Depuis leur lancement en 1984, les mythiques Air Jordan se sont construites une légende. Sneakers-culture.com revient sur chacune d’entre elles au travers d’anecdotes, de quoi tester votre culture générale sur cette légendaire paire de chaussure.

Après la première moitié de la saga que nous avions évoqué fin novembre, coup de projecteur cette fois sur les modèles 13 à 23.

 

AIR JORDAN XIII : l’une des chaussures favorites de MJ, elle a la particularité d’intégrer un hologramme vert sur la partie extérieure de la cheville. Selon l’angle d’inclinaison, l’hologramme montre un ballon de basket, le numéro 23 ou le logo « jumpman ». La AJ XIII est inspirée d’une panthère noire ou « Black Cat », également surnom donné à Jordan au début des années 80. La chaussure possède de petits coussinets qui rappellent ceux de la patte de l’animal. L’hologramme, quant à lui, est une allusion à l’œil du fauve qui reste visible dans l’obscurité. La AJXIII propose un équilibre entre performance et design comme jamais une paire de chaussure ne l’avait fait auparavant. On pourra seulement regretter l’opacification de l’hologramme avec le temps.
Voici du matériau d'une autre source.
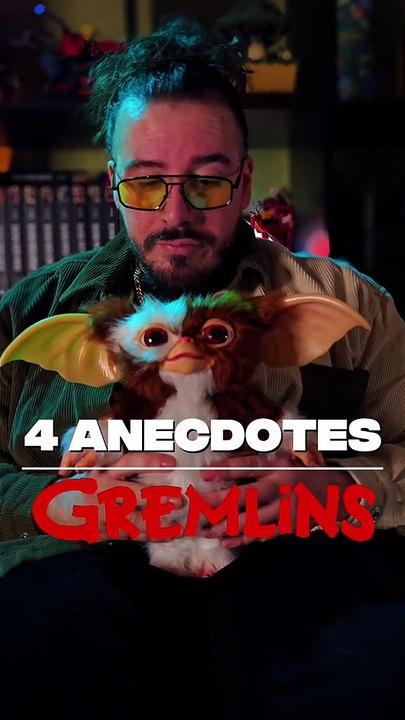 Tu savais que Tim Burton aurait dû réaliser Gremlins ?
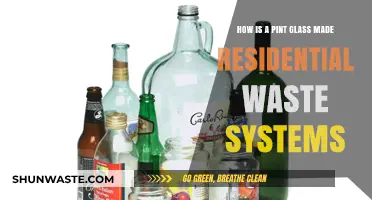 From Pint Glass to Recycling: Understanding Residential Waste Systems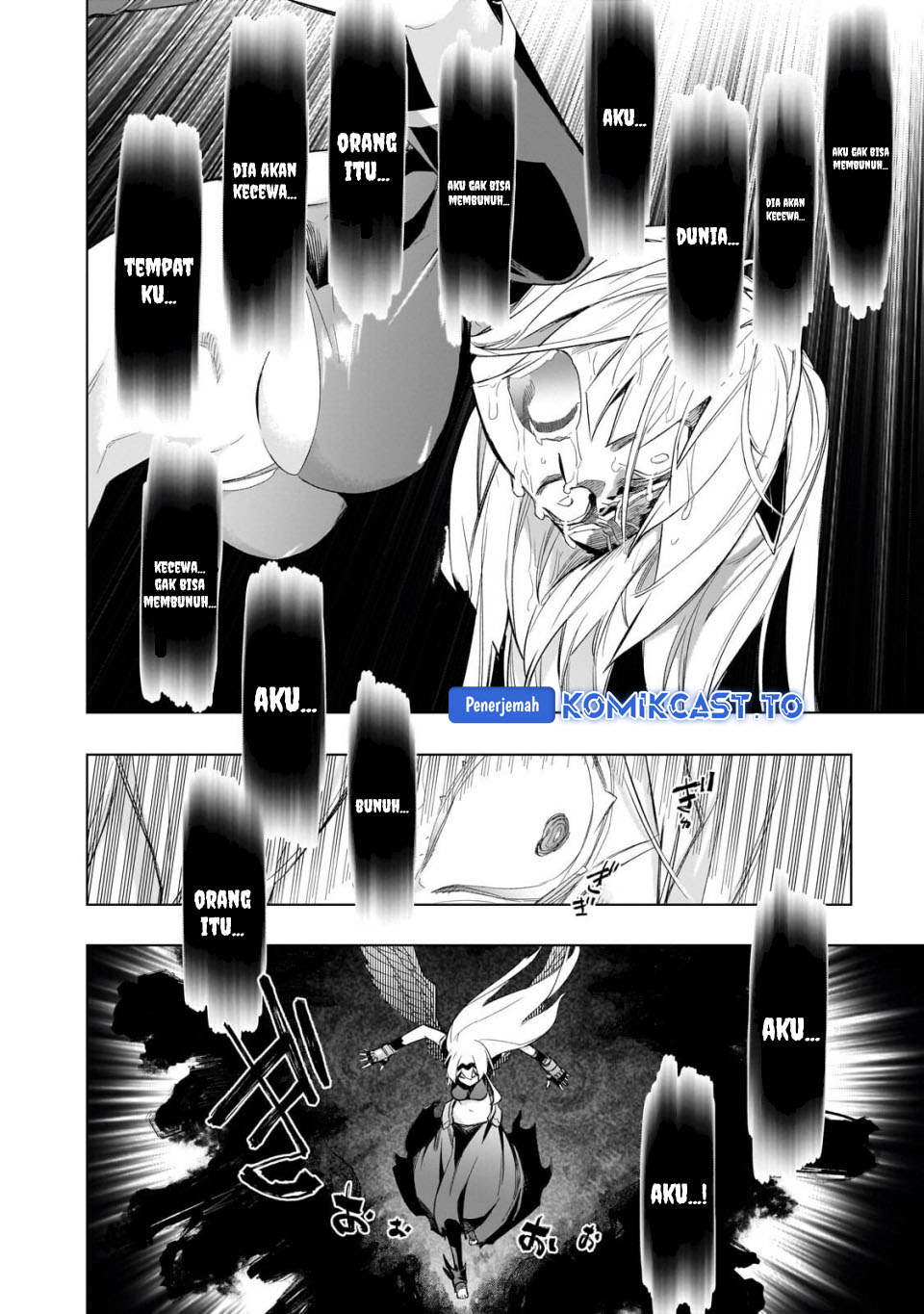 Kuro no Shoukanshi Chapter 195 - halaman 15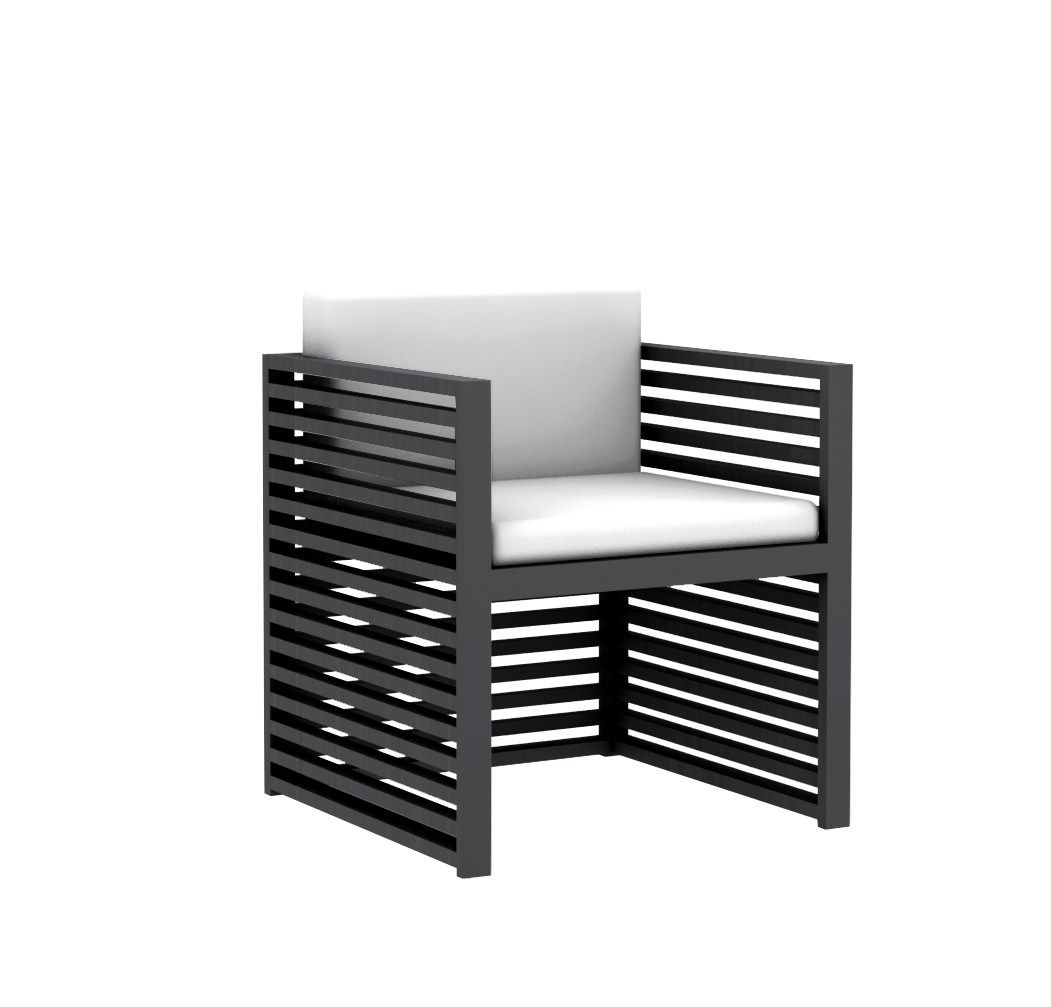 Садовое кресло с подлокотниками GANDIABLASCO DNA ARCH-00122936 - Вид №7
AIR JORDAN XIV : pour la AJ XIV, Tinker Hatfield s’est inspiré de la Ferrari 550M de Michael Jordan en poussant la comparaison jusqu’à intégré le logo Jumpman dans l’encart Ferrari. Selon de nombreux spécialistes, il aurait frôlé la perfection avec ce modèle offrant un confort exceptionnel et une harmonie suffisante pour rivaliser avec les célèbres AJ III, XI ou XIII. Chaque pied est recouvert de 7 Jumpman soit un total de 14 comme le numéro de la chaussure. L’extrémité des lacets est enfichée dans un capuchon métallique histoire d’apporter encore un peu plus de finition à un modèle déjà parfaitement cohérent. Michael Jordan ne les porta qu’à tois reprises lors de NBA Finals 1998. Les AJ XIV resteront à coup sûr dans l’histoire puisqu’elles sont associées au shoot à la dernière seconde de Jordan face à Bryon Russel.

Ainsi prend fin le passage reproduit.